• [8/9]
    istanbulun yagmasi biraz acayip. normalde dusman teslim olmadigi zaman 3 gunluk bir yagma izni veriliyor, teslim olursa dokunulmuyorlar. istanbul sonucta teslim olmamis ama sehrin bircok girisi ve farkli bolumleri var. 1 milyonluk sehir bir iki asirda 50 bine, kusatmadan sonra da allah bilir kac bine dusunce bu bolumlerin arasinda bosluklar olusmus ve her biri ayri bir mini sehir olmus. yani eger ayri bir “semt” isgalcilere kolaylik gostermisse, bunun haberi sultana gider, o da beraberinde ozel polislerini yollayarak o kismi korumaya alabilir. bazi yerlerdeki kiliselere ve evlere dokunulmamasi, diger bolgelerde ise yagmadan birak 3 gunu, ilk gunun sonunda bile birsey kalmamasi boyle aciklanabilirmis.

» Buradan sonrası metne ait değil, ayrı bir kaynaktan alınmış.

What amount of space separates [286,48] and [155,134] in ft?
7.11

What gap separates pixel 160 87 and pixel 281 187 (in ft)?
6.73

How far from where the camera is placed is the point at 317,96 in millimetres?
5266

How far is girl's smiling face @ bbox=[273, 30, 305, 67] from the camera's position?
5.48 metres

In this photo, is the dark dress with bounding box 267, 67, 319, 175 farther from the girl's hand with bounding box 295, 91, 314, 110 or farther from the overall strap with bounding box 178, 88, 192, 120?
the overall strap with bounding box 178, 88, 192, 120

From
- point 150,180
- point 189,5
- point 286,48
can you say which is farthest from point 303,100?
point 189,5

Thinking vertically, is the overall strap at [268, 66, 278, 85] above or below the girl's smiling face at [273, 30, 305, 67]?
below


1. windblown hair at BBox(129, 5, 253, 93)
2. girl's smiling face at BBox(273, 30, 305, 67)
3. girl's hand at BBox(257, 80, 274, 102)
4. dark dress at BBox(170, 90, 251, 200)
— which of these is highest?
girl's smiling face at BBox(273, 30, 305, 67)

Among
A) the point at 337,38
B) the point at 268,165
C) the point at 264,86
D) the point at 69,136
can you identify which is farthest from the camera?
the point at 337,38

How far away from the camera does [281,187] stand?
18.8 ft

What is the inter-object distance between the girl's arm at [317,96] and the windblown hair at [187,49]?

    dolayisiyla o kilise yagmalamalar, rahibeleri cikarip tecavuz etmeler filan belli bolgelerde ve ilk saatlerde yasanmis, ondan sonra yagmalanacak yerler iyice belli olmus, milleti gazi durulmus, fatihin adamlari yerlerini almis ve yaklasik 4000 cesetten sonra sivil oldurme bitmis. hayrina degil tabii, yagma yapilacak yerdeki her sivil kole sayiliyor, kole de para demek. bazi yerlerde yagmalanan evlerin kapisina isaret konulmus, bu ev bosaltildi coktan sansiniza kusun demek icin.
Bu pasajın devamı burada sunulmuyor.